— What is required —
From the records below, copy out exactly the lines from the one containing "Candid moment crotchet set TPZZ920 image" to the one containing "1 BHK Flat In", both included. Add nothing else.

++++ Working data ++++

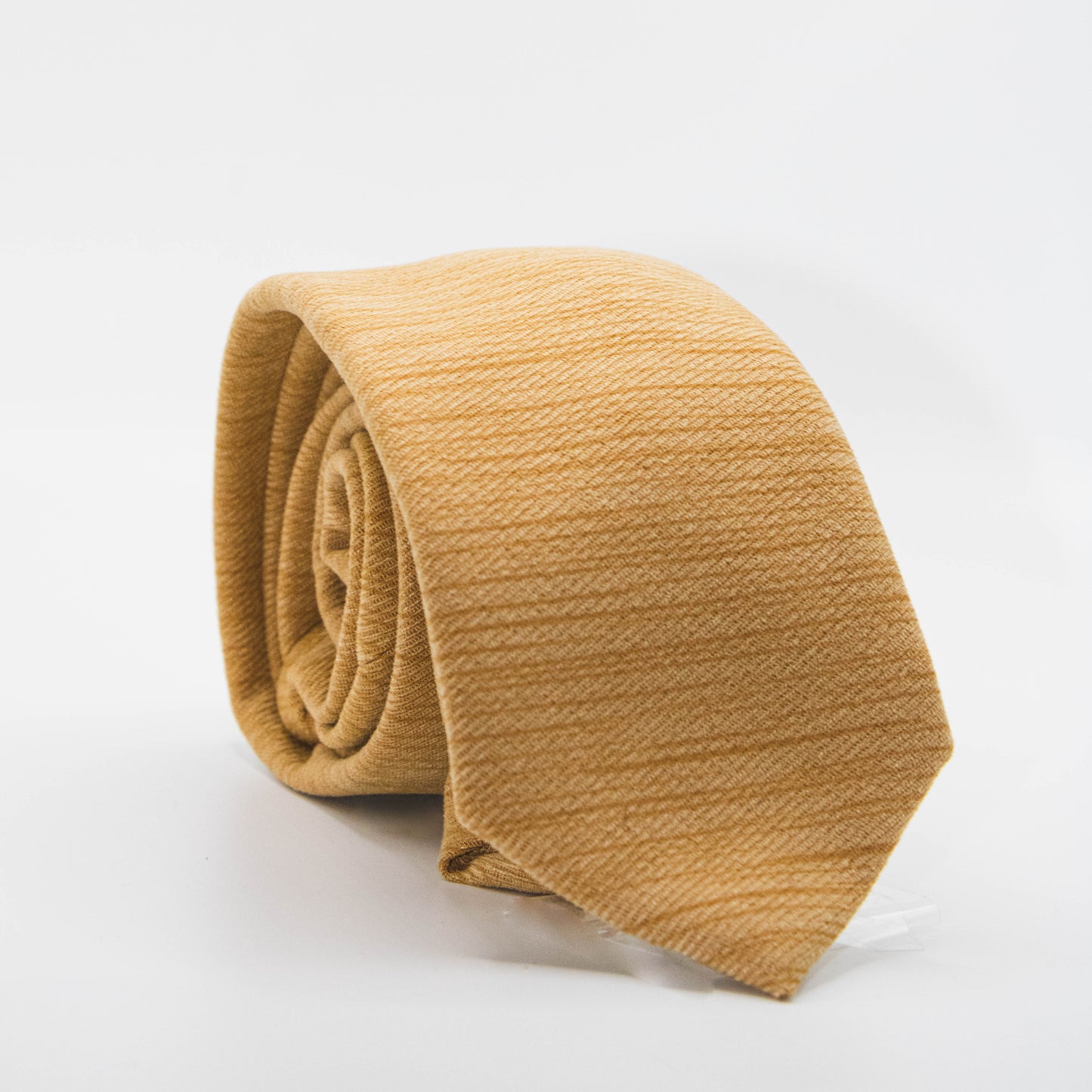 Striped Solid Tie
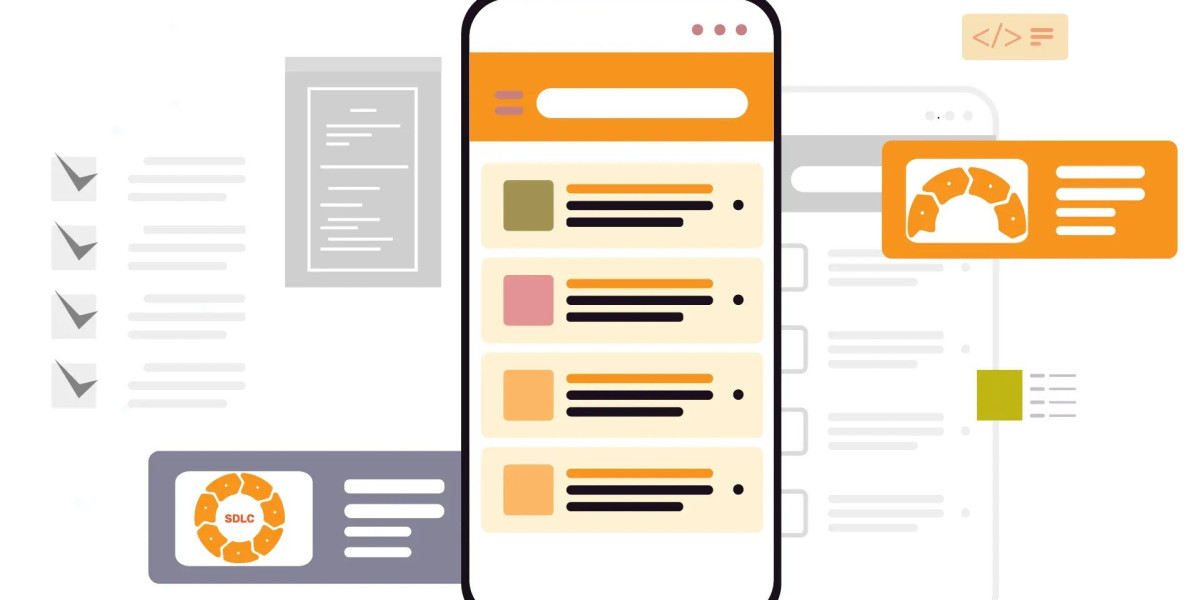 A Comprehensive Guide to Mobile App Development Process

++++
++++ Working data ++++

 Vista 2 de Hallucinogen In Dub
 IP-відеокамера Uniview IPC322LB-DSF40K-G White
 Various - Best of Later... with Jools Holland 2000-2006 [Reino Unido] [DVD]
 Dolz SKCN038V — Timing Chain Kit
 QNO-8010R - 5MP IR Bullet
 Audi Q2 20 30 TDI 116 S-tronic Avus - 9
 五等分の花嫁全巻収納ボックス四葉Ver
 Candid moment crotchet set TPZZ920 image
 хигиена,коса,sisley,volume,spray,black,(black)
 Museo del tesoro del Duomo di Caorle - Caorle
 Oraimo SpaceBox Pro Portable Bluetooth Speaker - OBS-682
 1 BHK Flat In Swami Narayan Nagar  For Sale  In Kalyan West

++++

— Expected output —
 Candid moment crotchet set TPZZ920 image
 хигиена,коса,sisley,volume,spray,black,(black)
 Museo del tesoro del Duomo di Caorle - Caorle
 Oraimo SpaceBox Pro Portable Bluetooth Speaker - OBS-682
 1 BHK Flat In Swami Narayan Nagar  For Sale  In Kalyan West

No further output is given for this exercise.